J'y repensais la semaine dernière devant le patron d'Alstom Transports, il venait de signer un « partenariat » avec le ministère chinois des Transports, tellement vaste et flou qu'il permet tous les fantasmes. Il faut savoir que, depuis des années, Alstom refuse les transferts de technologie, il en paye le prix en étant quasi absent d'un marché qui explose, et le voilà soudain nanti d'une mission de développement quasi universelle ! Il y a même, en toutes lettres, l'idée de travailler en commun sur des matériels d'exportation. Alors quoi ? Alstom a-t-il rendu les armes ? « Je vous assure que non ! martèle Philippe Mellier, je vais même vous dire que ceux qui ont accepté les transferts de technologie il y a dix ans ne sont plus sur le marché aujourd'hui. » Le rapport de force a-t-il payé ? « Ce n'est pas comme ça qu'il faut voir les choses, c'est une relation qui se construit dans le temps. » On n'en saura pas beaucoup plus.

Comment ne pas penser, quand même, qu'une entreprise qui affronte une grosse turbulence s'est acheté un peu de tranquillité en vendant quelques-uns des joyaux de la couronne ? Comment ne pas penser que le paysan qui doit nourrir son bétail a dû se résoudre à couper le blé en herbe ? Procès d'intention, diront les dirigeants d'Alstom, j'en suis désolé, mais, partout dans ces deals, nous reviennent des parfums étranges. Tenez, Anne Lauvergeon, le mois dernier, là encore un « partenariat global » (à croire que c'est la mode), elle qui certifiait au printemps dernier qu'elle ne donnerait jamais aux Chinois la gestion complète du cycle nucléaire. C'est Henry Giscard d'Estaing, patron du Club Med, qui résumera l'enjeu en quelques mots. Il a fait le pari de la Chine et, quand on lui demande s'il ne craint pas, lui aussi, d'être sorti du marché dans deux ans, une fois que les Chinois auront appris ses recettes, il répond : « Je fais le pari d'être inimitable. » La phrase est magnifique et c'est la clé du grand combat qui s'engage. Qui pourra dire qu'il a la capacité d'être inimitable ?

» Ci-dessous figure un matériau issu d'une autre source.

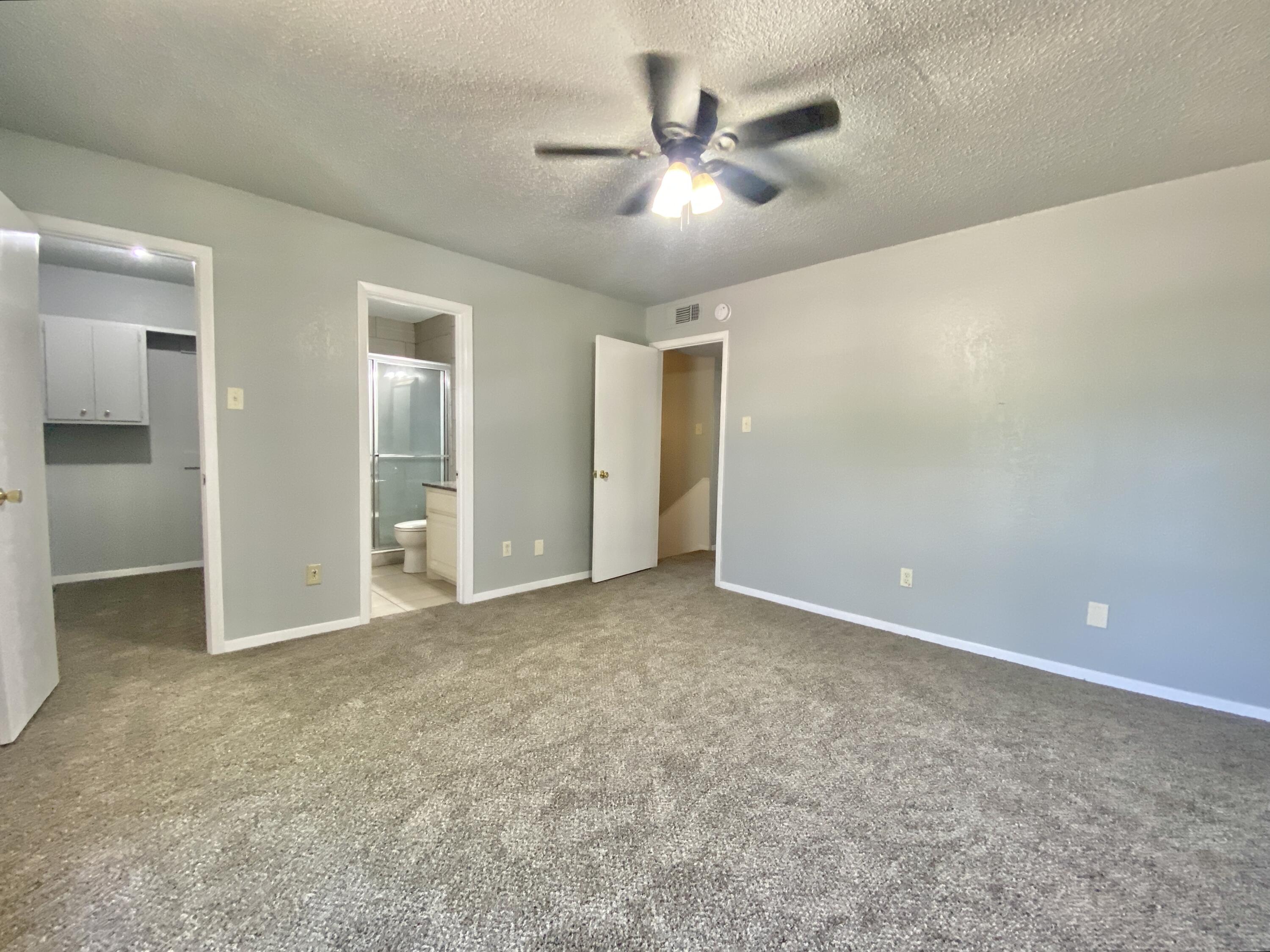 4707 48th Street Lubbock, TX 79414 - Photo 10 of 18 an empty room with closet and a ceiling fan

Autre chose : je reste inconsolable du « grand emprunt public ». François Fillon a identifié les premiers projets qui profiteront des investissements d'avenir. Car René Ricol, le « commissaire général à l'Investissement », ne veut plus que l'on parle de grand emprunt, mais d'investissements d'avenir. Après tout, c'est vous l'expert-comptable, monsieur Ricol, c'est vous qui savez comment passer d'une ligne à l'autre sur le bilan. Je voudrais juste être sûr qu'en l'occurrence on ne change pas le plomb en or. Donc, François Fillon nous donne ses premières pistes... Et personne n'en parle ! C'est fou, quand on regarde les enjeux ! Ne pensez-vous pas que, si l'argent était directement sorti de notre poche, un débat serait né, le plus beau : quels sont les vrais leviers de la croissance ? Lancer un grand emprunt public nous aurait coûté trop cher, disent les comptables étroits, ceux qui ne sauront jamais chiffrer ce que coûte le manque d'enthousiasme.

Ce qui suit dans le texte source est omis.